Ehrlich Official Berates
Dems Over State Jobs
By MIKE TORRALBA
Capital News Service
ANNAPOLIS - An Ehrlich administration official blasted Democrats on the Senate floor
Friday, accusing them of "trying to turn back the clock" to when Democrats
dominated state government.
The tirade came as Appointments Secretary Lawrence Hogan presented the Senate with the
governor's list of nominees to assorted state offices, praising the list as victory for
diversity.
His tone became more barbed when he said "just the fact that we're making changes and
Republicans are being appointed for the first time in 40 years has inflamed some people
and made them angry."
Ehrlich spokesman Henry Fawell said the governor knew beforehand the content of Hogan's
speech, and the press office had alerted reporters to the speech before the session began.

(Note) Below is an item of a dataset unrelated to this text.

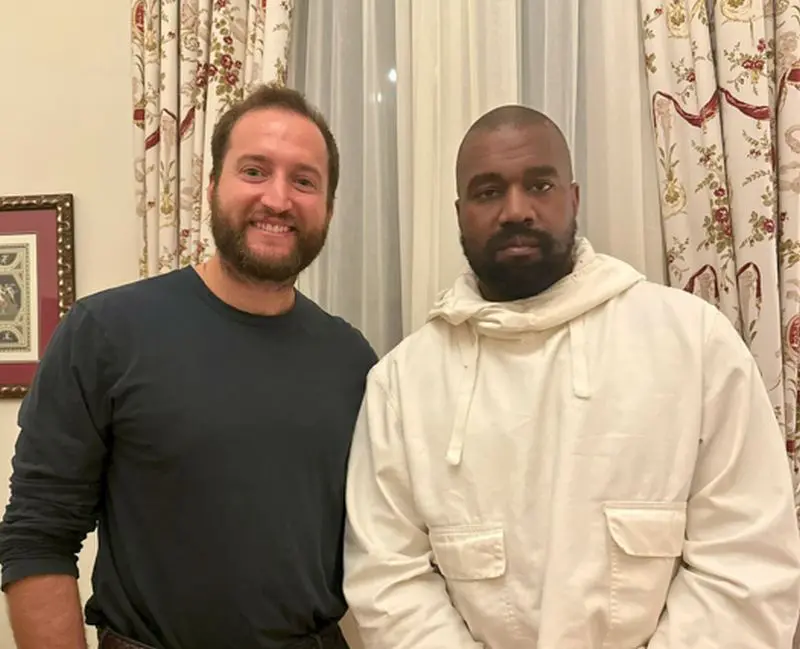 Kanye West “cambia” il sorriso, la firma è siciliana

"Some of them want to eliminate the positions of the governor's new appointees
because they don't like party affiliation or their beliefs," Hogan said. "They
want to change the rules and change the laws and take away the governor's appointment
powers."
At that, several Democrats began to walk out of the chamber.
Republican senators on Thursday complained that Democrats were trying to fast-track a bill
to abolish the state Board of Elections, of which three of the five members are
Republicans.
Hogan went on to say some Democrats were "willing to say and do just about anything
to protect the status quo and turn back the clock to the time of one-party
domination."
Ehrlich is Maryland's first Republican governor in 38 years. Many Democrats did not
applaud when Hogan finished.
"I apologize if anyone's offended," Senate President Thomas V. Mike Miller Jr.,
D-Calvert, said after Hogan stepped down from the dais. "Rhetoric like that belongs
on the State House steps, not in the Senate."

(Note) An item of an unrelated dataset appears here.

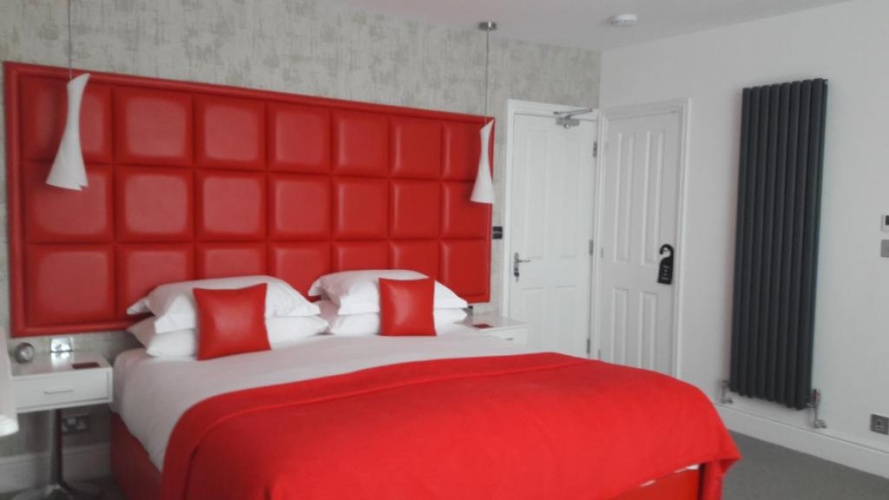 Deluxe Double room with balcony and with partial sea view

Miller was lenient in his remarks to reporters after the session.
"This is a gang that's new to Annapolis. They don't know our traditions and our
ways," he said of the Ehrlich administration.
While Miller acknowledged that Gov. Parris Glendening's Democratic administration was
adept at moving Democrats into state offices, he said Ehrlich went farther than any
previous administration in political appointments, firing civil servants who were
registered Democrats and replacing them with "Republican cronies."
Ehrlich came under fire in recent weeks after a former aide, Joseph Steffen Jr., admitted
to spreading rumors that Baltimore Mayor Martin O'Malley had been unfaithful to his wife.
O'Malley is considered a likely candidate to run against Ehrlich in the 2006 gubernatorial
election.
Ehrlich denied knowing about the rumor campaign. He accepted Steffen's resignation
immediately after the disclosure but refused Democratic demands for an apology.